There have been rather few changes to the API in this version, which has focused rather on improving the simulator interfaces and on an internal code-reorganization which aims to make PyNN easier to test, maintain and extend.
Principal API changes:
- Removed the 'string' connection methods from the Projection constructor.
- The method argument now must be a Connector object, not a string.
- Can now record synaptic conductances.
- Can now access weights and delays of individual connections one-at-a-time within a Projection through Connection objects.
- Added an interface for injecting arbitrary time-varying currents into cells.
- Added get_v() and get_gsyn() methods to the Population class, enabling membrane potential and synaptic conductances to be read directly into memory,rather than saved to file.
Improvements to simulator back-ends:
- Implemented an interface for the Brian simulator.

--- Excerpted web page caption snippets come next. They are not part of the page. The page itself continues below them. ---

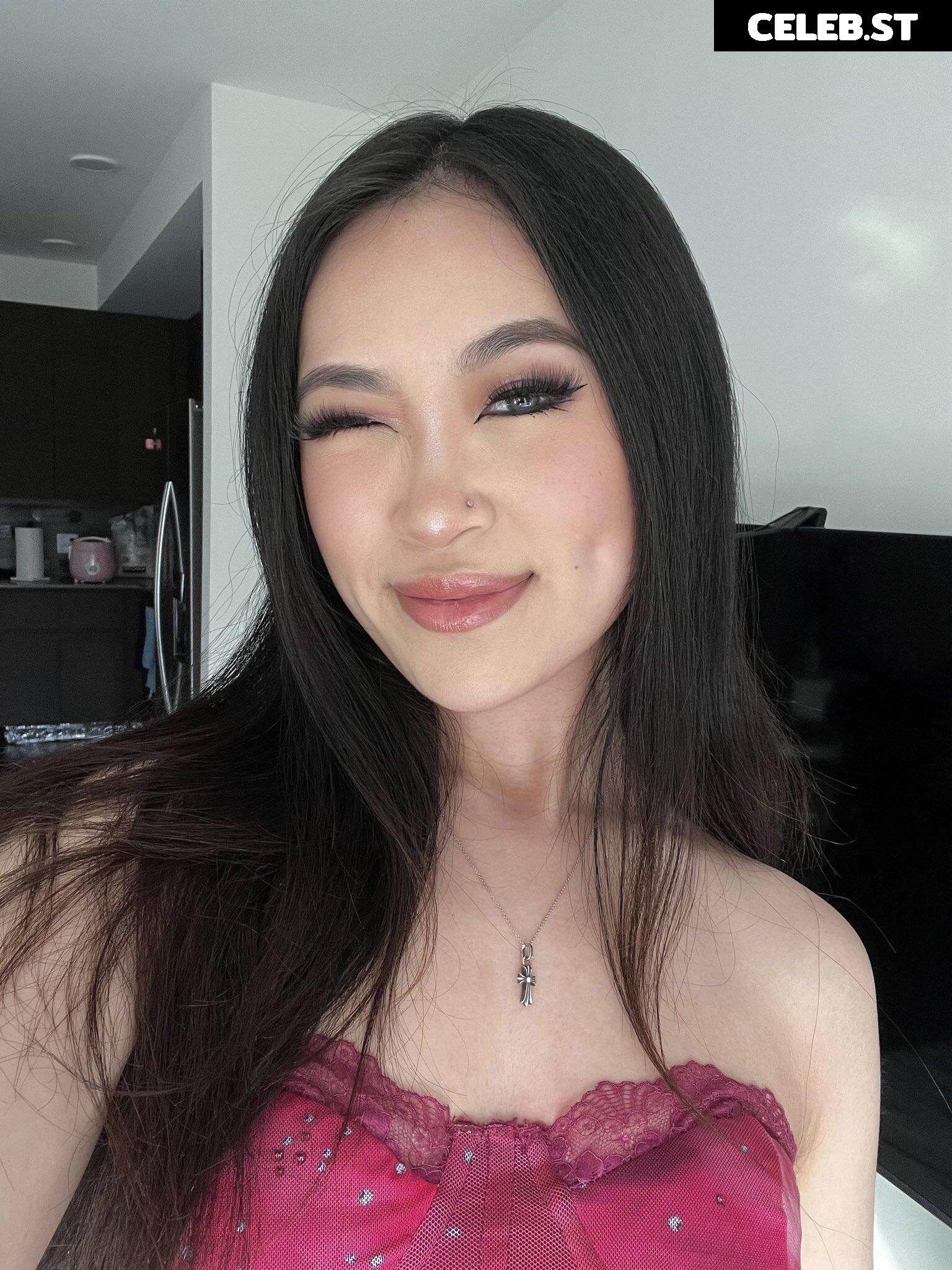 Theresa Nguyen / theresawinnn Image 11927551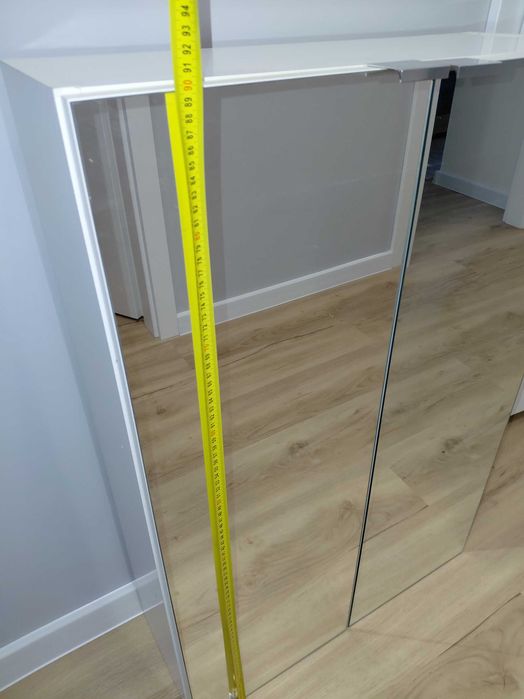 Sprzedam 2 szafki łazienkowe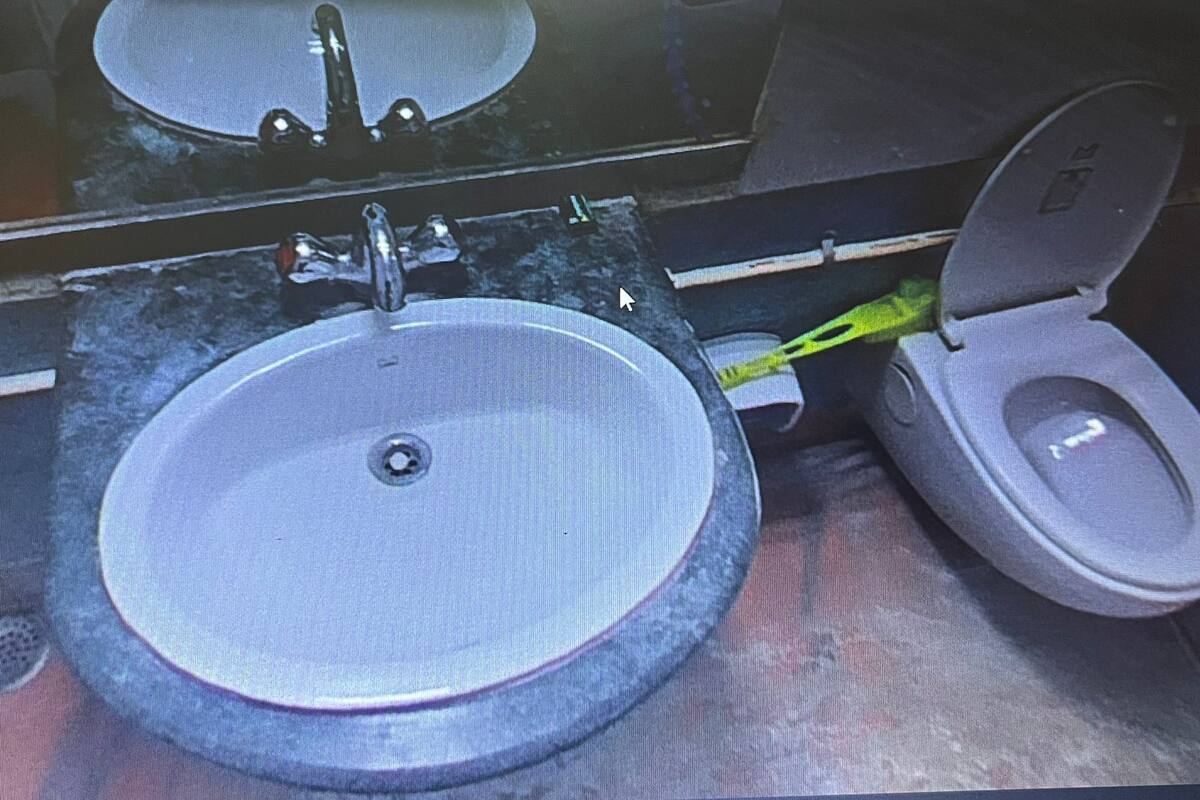 Ducha, artículos de higiene personal gratuitos, toallas y jabón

- Re-implementated the interface to NEURON, to use the new functionality in v7.0.
- Removed support for version 1 of NEST. The module for NEST v2 is now simply called pyNN.nest.
- The PCSIM implementation is now more complete, and more compatible with the other back-ends.
- Behind-the-scenes refactoring to implement the API in terms of a small number of low-level, simulator-specific operations. This reduces redundancy between simulator modules, and makes it easier to extend PyNN, since if new functionality uses the low-level operations, it only needs to be written once, not once for each simulator.
What is PyNN?
PyNN (pronounced 'pine' ) is a simulator-independent language for building neuronal network models.
In other words, you can write the code for a model once, using the PyNN API and the Python programming language, and then run it without modification on any simulator that PyNN supports (currently NEURON, NEST, PCSIM and Brian).
The API has two parts, a low-level, procedural API (functions create(), connect(), set(), record(), record_v()), and a high-level, object-oriented API (classes Population and Projection, which have methods like set(), record(), setWeights(), etc.)
The low-level API is good for small networks, and perhaps gives more flexibility. The high-level API is good for hiding the details and the book-keeping, allowing you to concentrate on the overall structure of your model.
The other thing that is required to write a model once and run it on multiple simulators is standard cell and synapse models. PyNN translates standard cell-model names and parameter names into simulator-specific names, e.g. standard model IF_curr_alpha is iaf_neuron in NEST and StandardIF in NEURON, while SpikeSourcePoisson is a poisson_generator in NEST and a NetStim in NEURON.
Even if you don't wish to run simulations on multiple simulators, you may benefit from writing your simulation code using PyNN's powerful, high-level interface. In this case, you can use any neuron or synapse model supported by your simulator, and are not restricted to the standard models.
PyNN is a work in progress, but is already being used for several large-scale simulation projects.
The code is released under the CeCILL licence.